### HOW TO COMPLETE THIS TASK
Please restate the entries below word for word, leaving out any pictures.

+---+

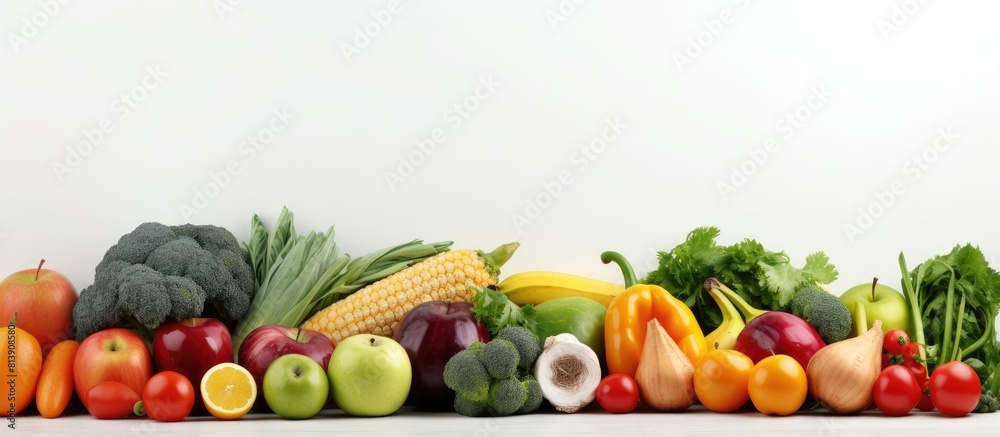A variety of fresh fruits and vegetables arranged neatly on a white background providing ample copy space for any desired image A variety of fresh fruits and vegetables arranged neatly on a white background providing ample copy space for any desired image
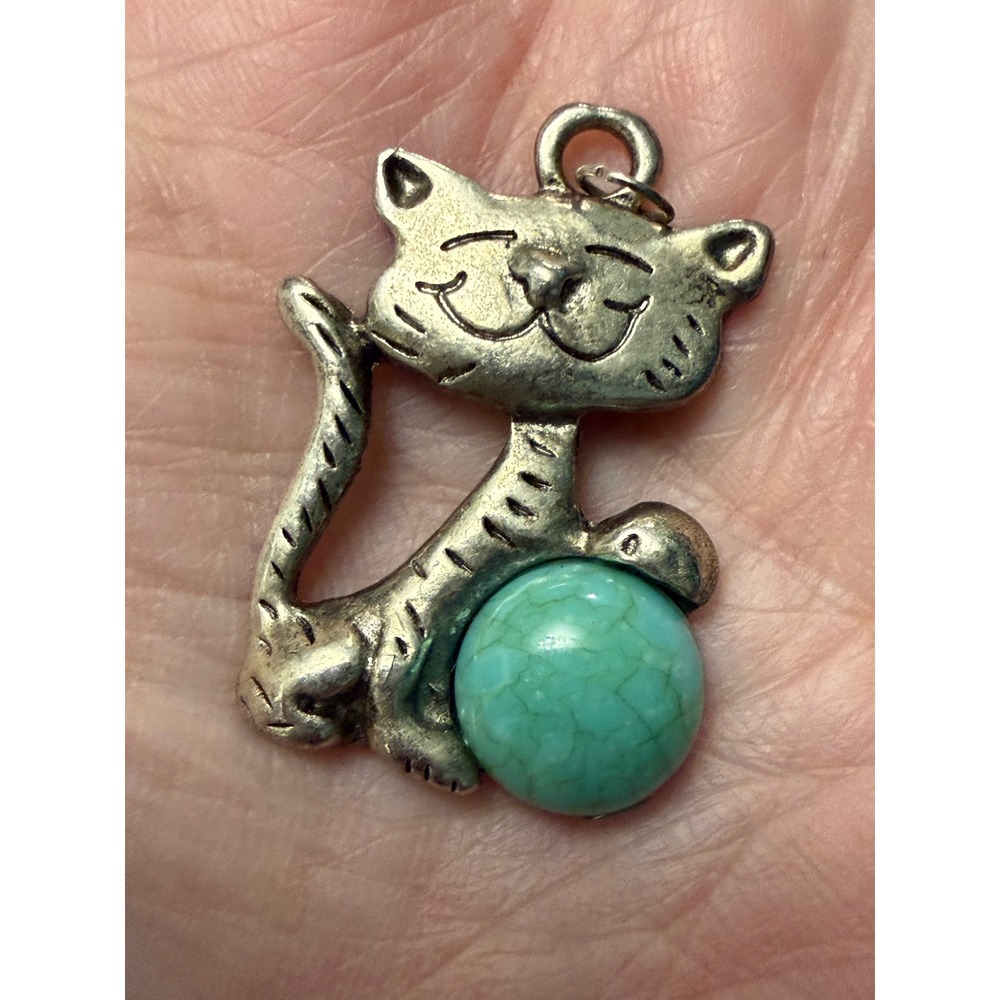 Cat Pendant Silver Tone Turquoise Faux Stone Whimsical Boho Kitsch Cat Mom Gift
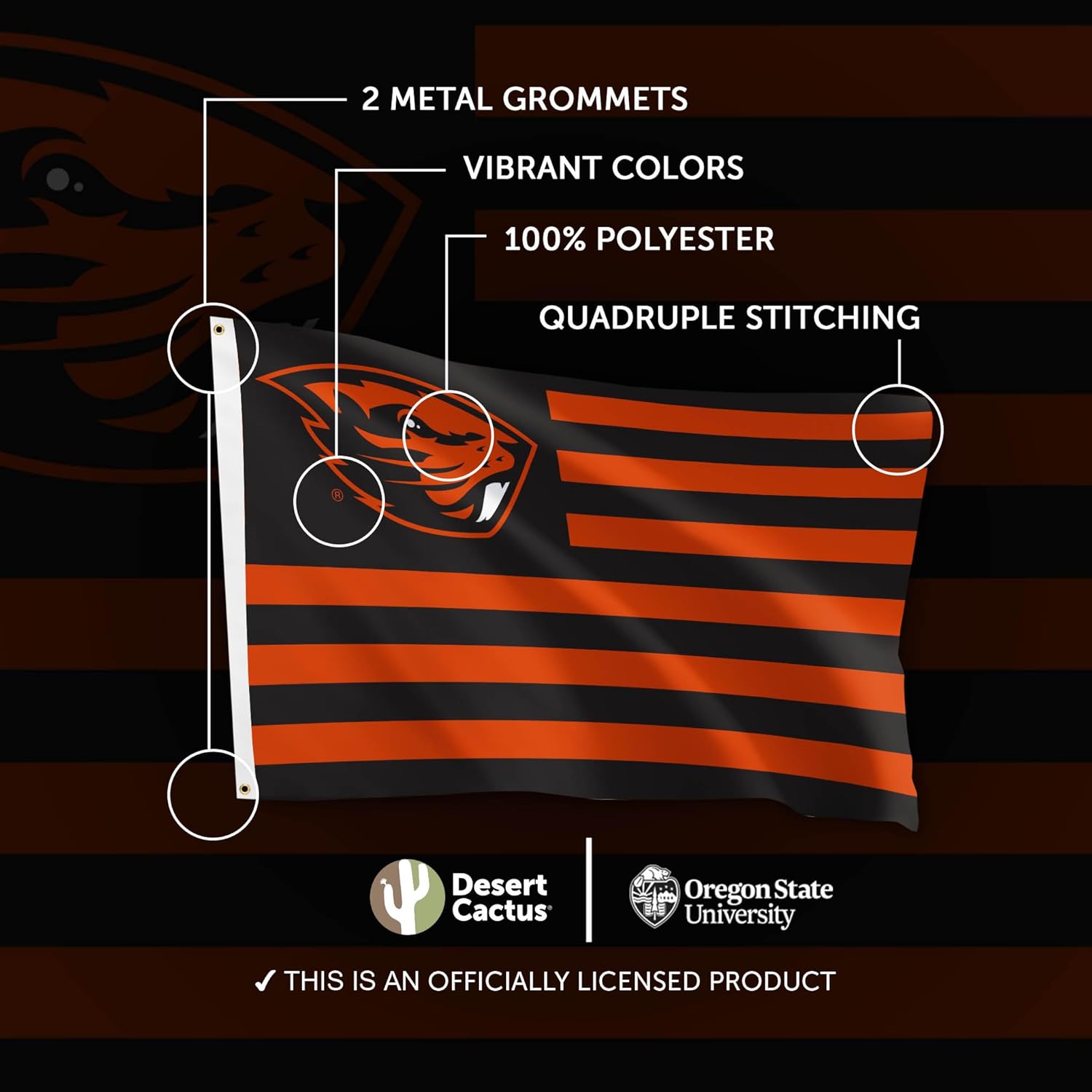 Desert Cactus Oregon State University Flag OSU Beavers Banners 100% Polyester Indoor Outdoor 3x5 feet Flags (Nation) - Image 4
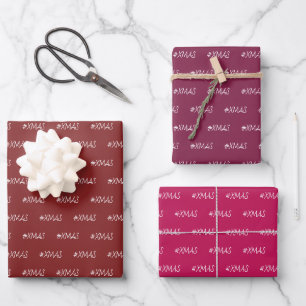 XMAS Burgundy Paarse Pink Chic Edition Inpakpapier Vel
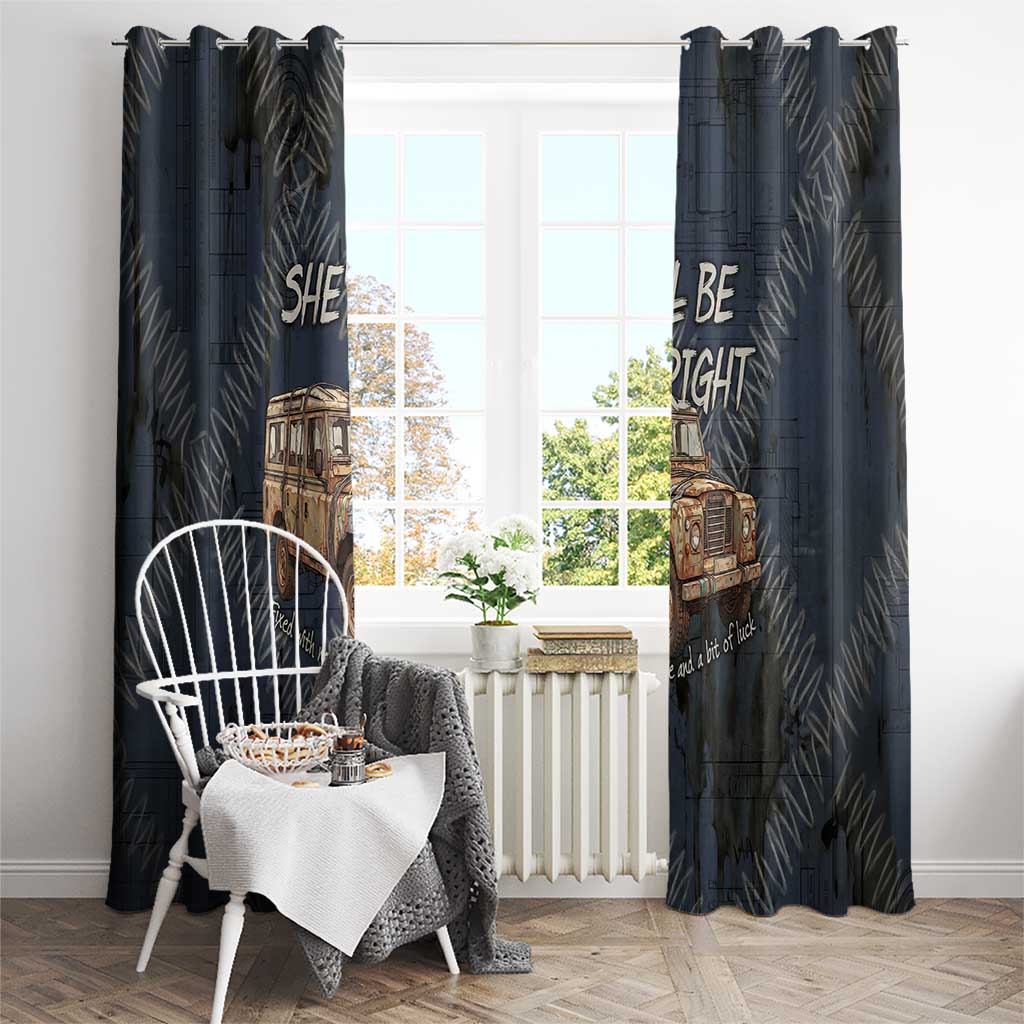 New Zealand She’ll Be Right Window Curtain NZ Slang No. 8 Wire Map Pattern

+---+

### SOLUTION BELOW
A variety of fresh fruits and vegetables arranged neatly on a white background providing ample copy space for any desired image A variety of fresh fruits and vegetables arranged neatly on a white background providing ample copy space for any desired image
 Cat Pendant Silver Tone Turquoise Faux Stone Whimsical Boho Kitsch Cat Mom Gift
 Desert Cactus Oregon State University Flag OSU Beavers Banners 100% Polyester Indoor Outdoor 3x5 feet Flags (Nation) - Image 4
 XMAS Burgundy Paarse Pink Chic Edition Inpakpapier Vel
 New Zealand She’ll Be Right Window Curtain NZ Slang No. 8 Wire Map Pattern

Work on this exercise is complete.